Except for the images, repeat the entries below word for word.

Excerpts from a dataset:
********************
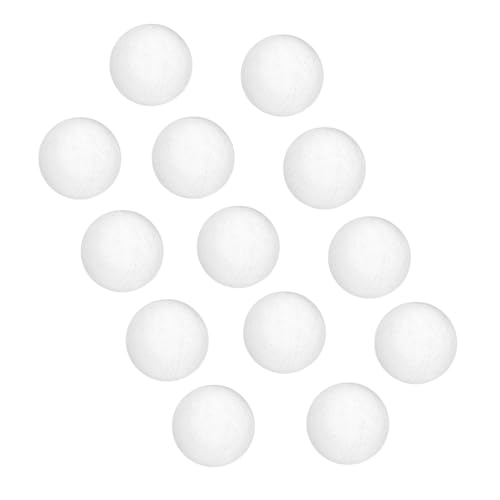 WEKAMOS 30 Stück Teiliges Transparente Glaskiesel Halbrund Vasenfüller Dekorative Glasperlen für Aquarium DIY Basteln Wohnkultur und Kreative Projekte von WEKAMOS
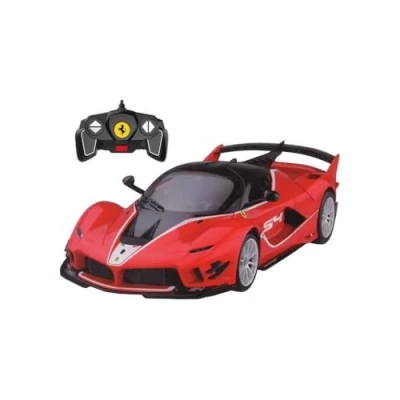 Image de TURBO CHALLENGE Ferrari FXX K Evo RC Prestige 095641 Voiture Télécommandée Rouge 1/18 Kit Montage Piles Non Incluses Plastique À Partir de 6 Ans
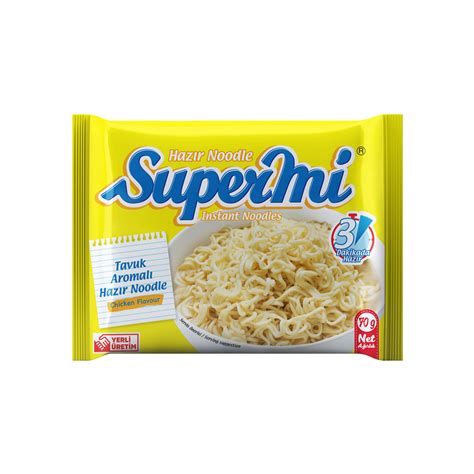 SUPERMİ KÖRİLİ HAZIR NOODLE 75 GR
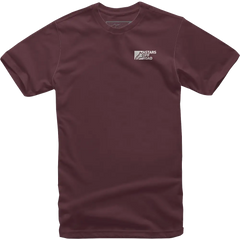 ALPINESTARS Painted T-Shirt - Maroon - XL 1232-72224838XL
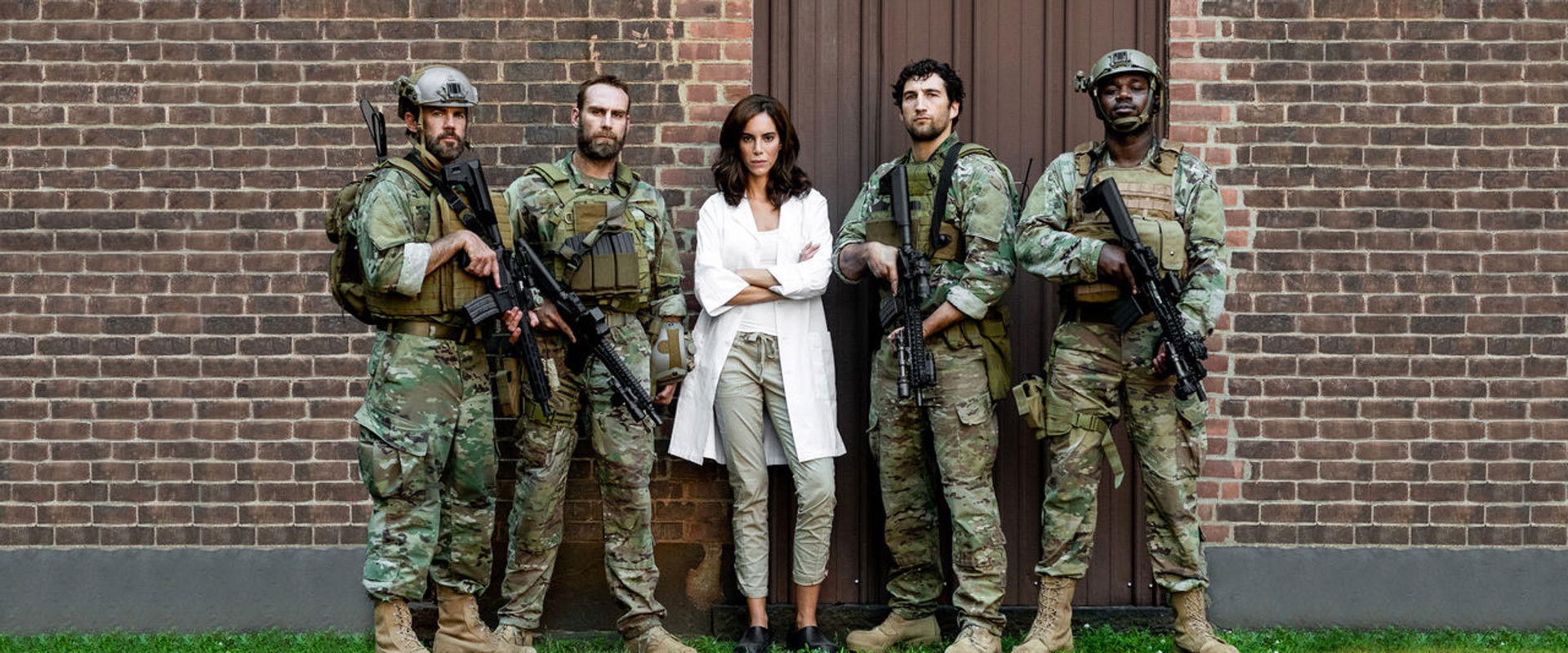 Alien Warfare backdrop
********************
TASK ANSWER >>
 WEKAMOS 30 Stück Teiliges Transparente Glaskiesel Halbrund Vasenfüller Dekorative Glasperlen für Aquarium DIY Basteln Wohnkultur und Kreative Projekte von WEKAMOS
 Image de TURBO CHALLENGE Ferrari FXX K Evo RC Prestige 095641 Voiture Télécommandée Rouge 1/18 Kit Montage Piles Non Incluses Plastique À Partir de 6 Ans
 SUPERMİ KÖRİLİ HAZIR NOODLE 75 GR
 ALPINESTARS Painted T-Shirt - Maroon - XL 1232-72224838XL
 Alien Warfare backdrop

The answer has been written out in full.